- [RECORDS SUPPLIED]:
===============

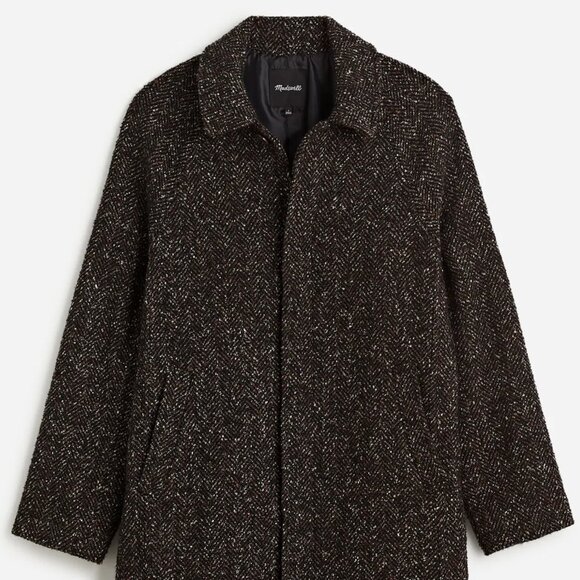 Madewell Raglan-Sleeve Topcoat in Italian Fabric - Picture 3 of 4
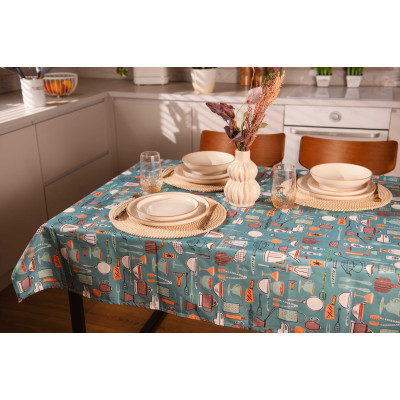 Скатертина ARDESTO Cookery 140х180см, 90% поліестер, 10% бавовна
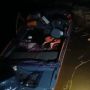 Лодка врезалась в бетонный пирс ночью на Каме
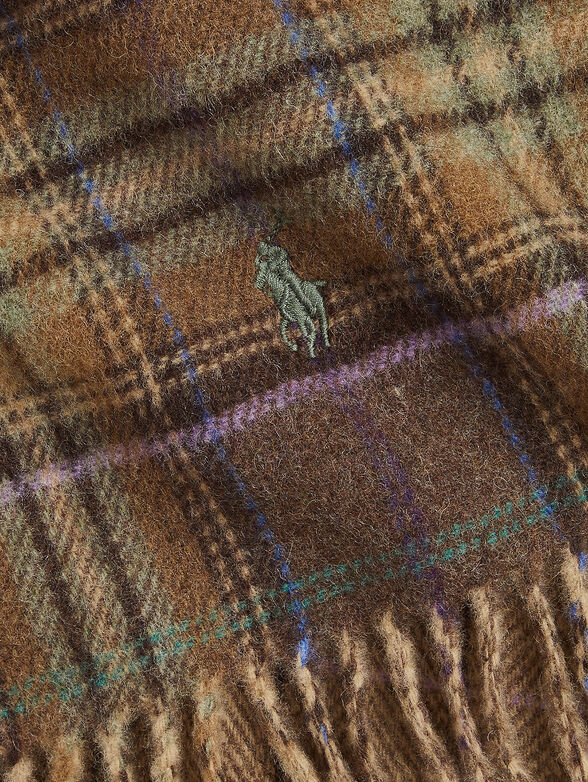 Plaid scarf logo - 2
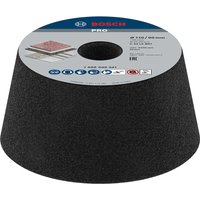 Bosch PRO Conical Abrasive Cup Wheel for Stone 110mm 60g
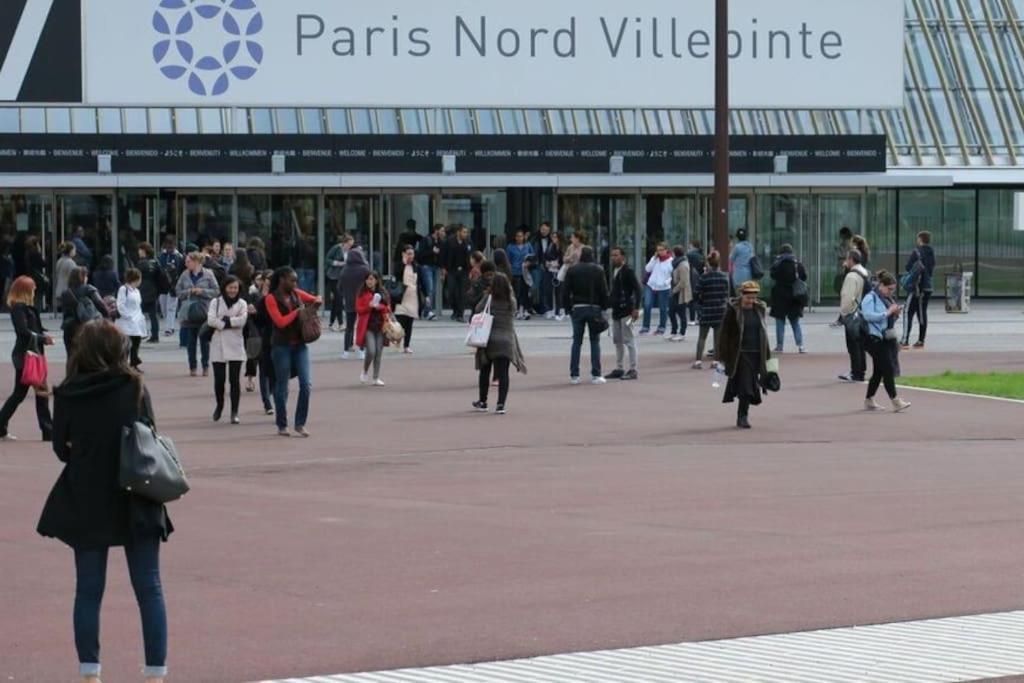 Studio 2 Pers Paris/Bourget/Cdg/Parc D'Exposition 欧奈索斯博伊斯 外观 照片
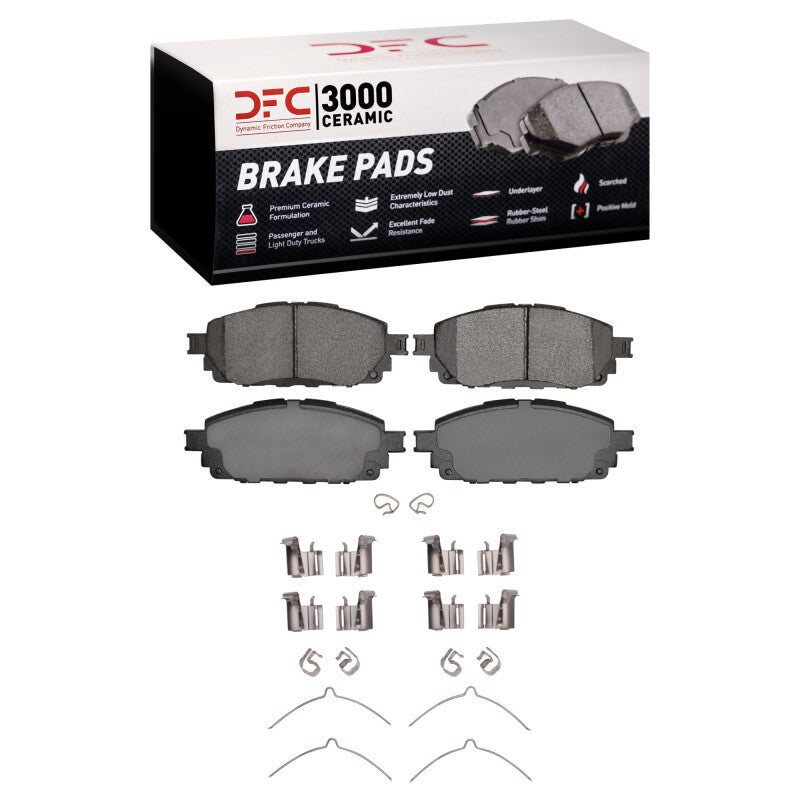 DFC DFC 3000 Semi-Met Brake Pads Brakes, Rotors & Pads Brake Pads - OE main image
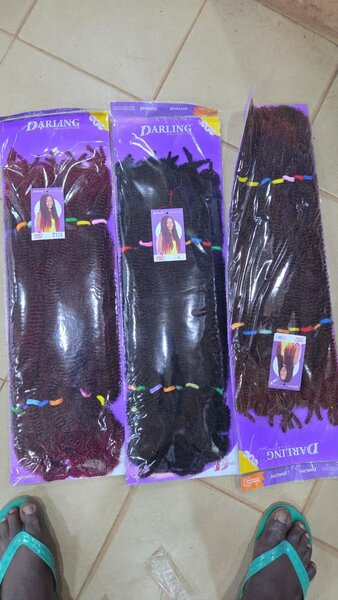 Extensions de cheveux synthétiques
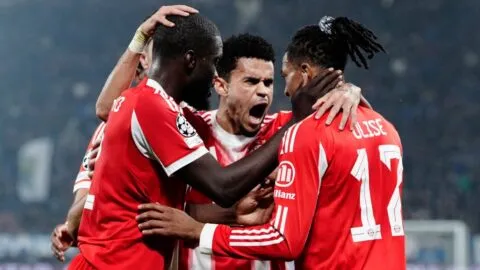 Luis Díaz, un obrero sin gol en el baile del Bayern Munich al Atalanta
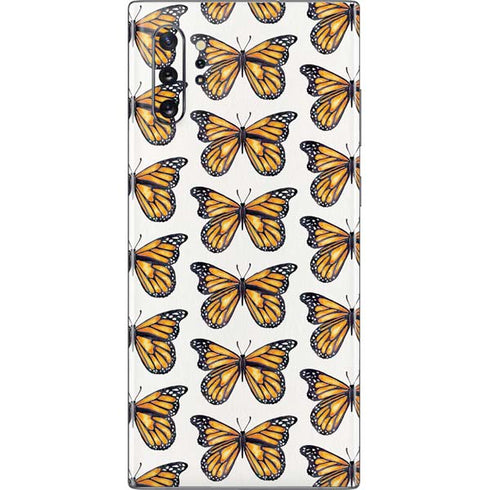 Cat Coq Monarch Butterflies Galaxy Note 10 Plus Skin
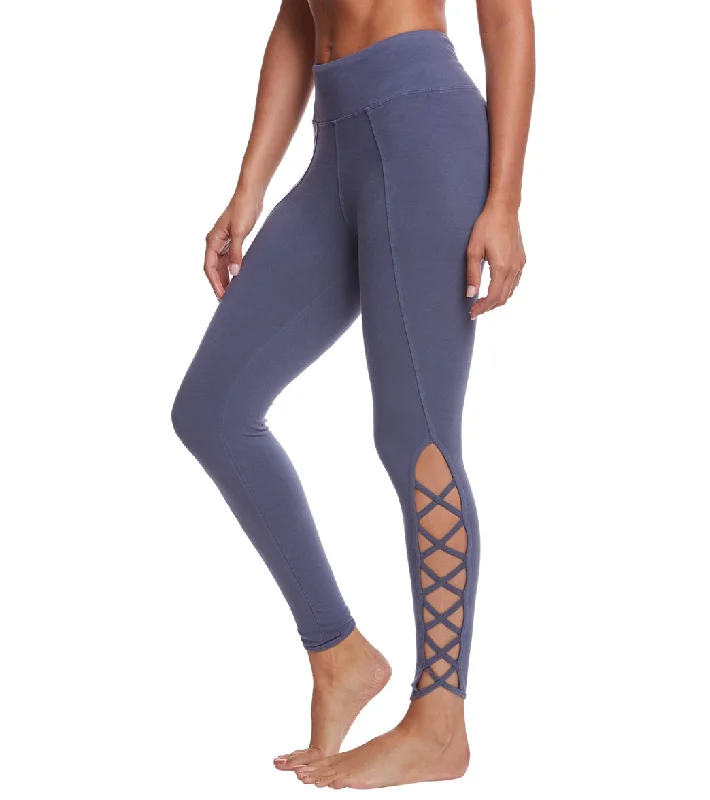 Hard Tail X Side Ankle Cotton Yoga Leggings Dusk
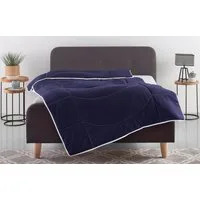 OTTO home Microfaserbettdecke Microlux, Bettdecke 135x200 cm und Übergrößen bis 240x220cm, Füllung: Feuchtigkeitsregulierende 3D Klimafaser (Polyester), Bezug: Microfaser-Feinbatist, fest versteppter Bezug - keine Bettwäsche nötig, Sommer, Winter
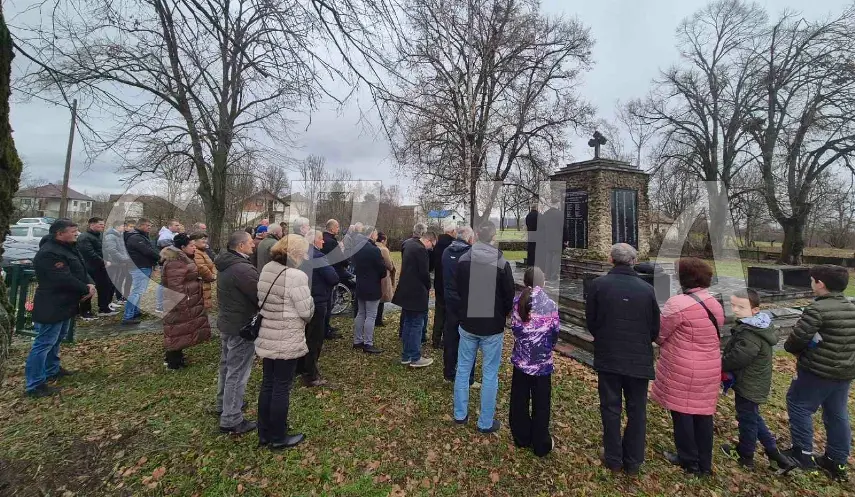 MEMORIAL SERVICE HELD FOR VICTIMS OF USTASHA TERROR IN TRNJAK AND DONJA DUBICA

===============

In the records above, everything from the line with "Скатертина ARDESTO Cookery" down to the line with "Cat Coq Monarch" must be duplicated exactly, both lines kept. Leave no pictures in.

- [RESULT BELOW]:
 Скатертина ARDESTO Cookery 140х180см, 90% поліестер, 10% бавовна
 Лодка врезалась в бетонный пирс ночью на Каме
 Plaid scarf logo - 2
 Bosch PRO Conical Abrasive Cup Wheel for Stone 110mm 60g
 Studio 2 Pers Paris/Bourget/Cdg/Parc D'Exposition 欧奈索斯博伊斯 外观 照片
 DFC DFC 3000 Semi-Met Brake Pads Brakes, Rotors & Pads Brake Pads - OE main image
 Extensions de cheveux synthétiques
 Luis Díaz, un obrero sin gol en el baile del Bayern Munich al Atalanta
 Cat Coq Monarch Butterflies Galaxy Note 10 Plus Skin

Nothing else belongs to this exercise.